[Scraped caption text data]
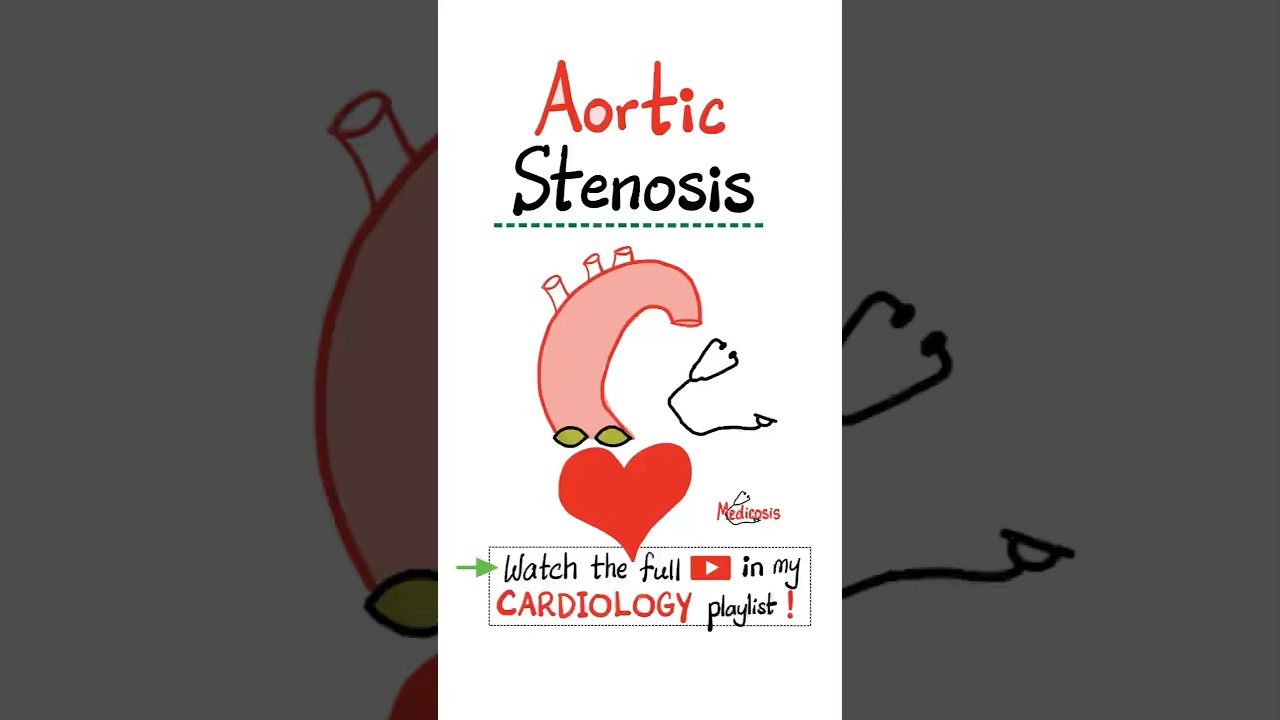 Aortic Stenosis (AS) - Valvular Heart Disease (VHD)..#science #doctor #nurse #cardio #mbbs #nclex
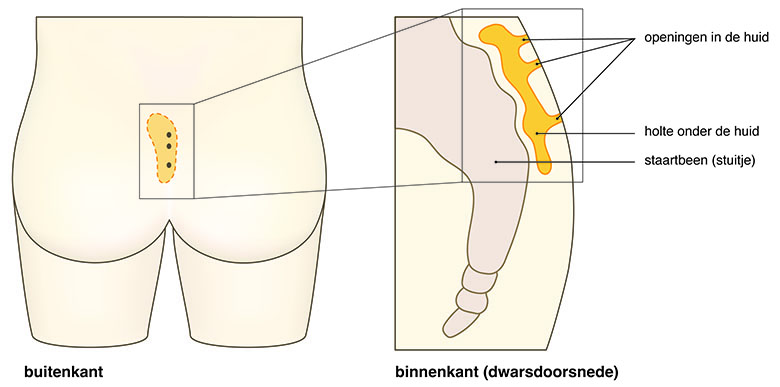 sinus pilonidalis (haarnestcyste)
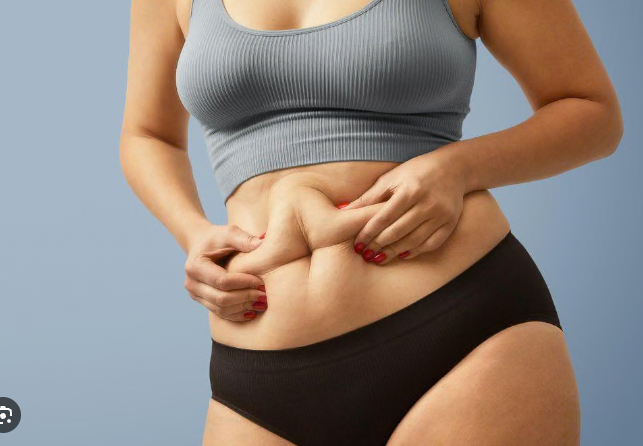 Mengenal PCOS Belly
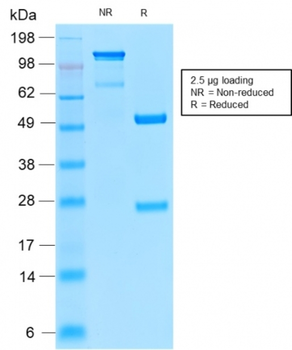 TYRP1 Antibody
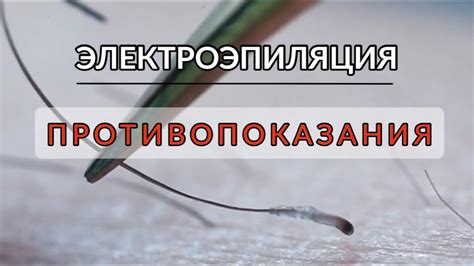 Противопоказания и последствия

### [EXERCISE DETAILS]
All entries above are to be restated exactly, with every image omitted.

### [REPLY]
 Aortic Stenosis (AS) - Valvular Heart Disease (VHD)..#science #doctor #nurse #cardio #mbbs #nclex
 sinus pilonidalis (haarnestcyste)
 Mengenal PCOS Belly
 TYRP1 Antibody
 Противопоказания и последствия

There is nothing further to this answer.